High-pay rankings are most useful when you read them alongside the core salary guide, the career entry path, and a few nearby role comparisons. That turns this page from a ranking into a better decision route for floor layer.
These questions cover the practical parts of the ranking: how entry pay is estimated, why wage fields sometimes differ by source, and how to compare the top salary with the real size of the job market.
Which state pays the most for Floor Layer?▼
Alaska currently leads this floor layer ranking at $113,450 per year in Careerclev's current salary model, built from the latest available BLS OEWS wage baseline.
Is the entry-level pay data directly from BLS?▼
Not exactly. BLS publishes wage percentiles rather than experience-level labels, so Careerclev uses the 25th percentile (or the low-end wage where available) as an entry-pay proxy. It is a transparent approximation, not a direct label.

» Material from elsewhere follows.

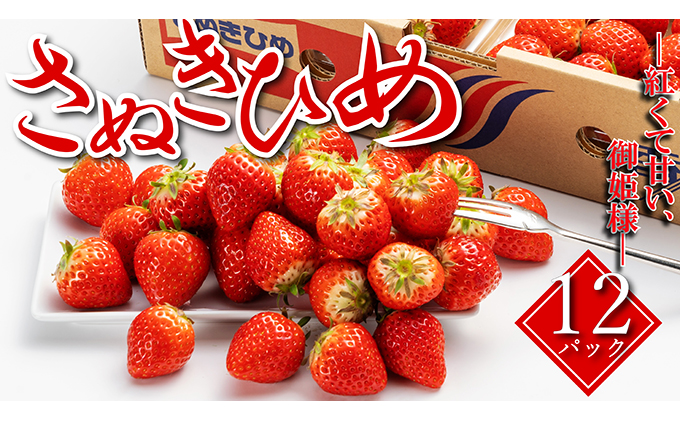 y쌧ۋTsz s\ Gi ʂЂ 250g × 12pbN ۋT̍g t[c ʕ fU[g { Yn {̉ʕ {̃t[c   ① ①z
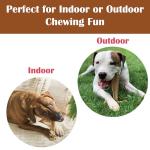 Durable Chicken Flavor T-Bone Dog Chew Toy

Which state pays the most for Floor Layer?▼
Alaska currently leads this floor layer pay ranking at $113,450 per year, with an employment estimate of 80. Use the salary gap and employment depth together when comparing the strongest markets.
What kind of preparation does Floor Layer usually require?▼
Floor Layer is currently tagged as varies in the O*NET prep model. The most common education signal is education path varies by employer, while the training path is described as training path varies.

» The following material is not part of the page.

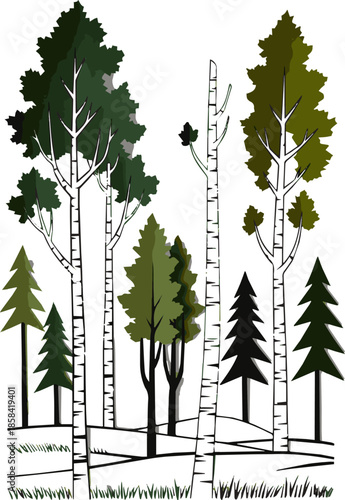 Create a kinds of deferent realistic Group of aspen trees from the genus populous vector art with white background.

Does the top-paying market also have the deepest employment base?▼
Not always. California may support a deeper employment base than the #1 salary market, which can make them more practical despite a lower pay ceiling.

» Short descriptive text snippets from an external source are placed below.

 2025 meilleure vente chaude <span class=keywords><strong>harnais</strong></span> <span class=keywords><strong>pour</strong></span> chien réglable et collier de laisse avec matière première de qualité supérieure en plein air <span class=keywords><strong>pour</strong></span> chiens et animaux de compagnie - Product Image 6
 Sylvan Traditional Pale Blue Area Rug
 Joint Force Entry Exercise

How should I compare salary with accessibility?▼
Use the ranking salary, entry-pay proxy, employment estimate, and preparation path together. The best target is usually the role that balances strong pay with a realistic path in.
Can a lower-ranked job be a better target than Alaska?▼
Yes. A lower-ranked role can be the better choice if it has a shorter prep path, stronger entry pay, more openings, or a work profile that fits you better than Alaska.
Why do some high-paying roles look hard to enter?▼
Many top-paying roles sit behind longer training, licensing, or related-experience requirements. That is why Careerclev shows preparation signals next to salary instead of treating all high-paying jobs as equally accessible.
🔬
Data Sources & MethodologyRankings use Careerclev salary facts built from BLS OEWS wage data and extended through Careerclev's current salary projection model where applicable. National pages use U.S. aggregate data, state pages use state-level data, and city pages use the BLS metro dataset behind the largest-city public label. Category labels are derived from BLS Standard Occupational Classification (SOC) major group codes, while prep-path notes come from imported O*NET job-zone and career requirement data where available.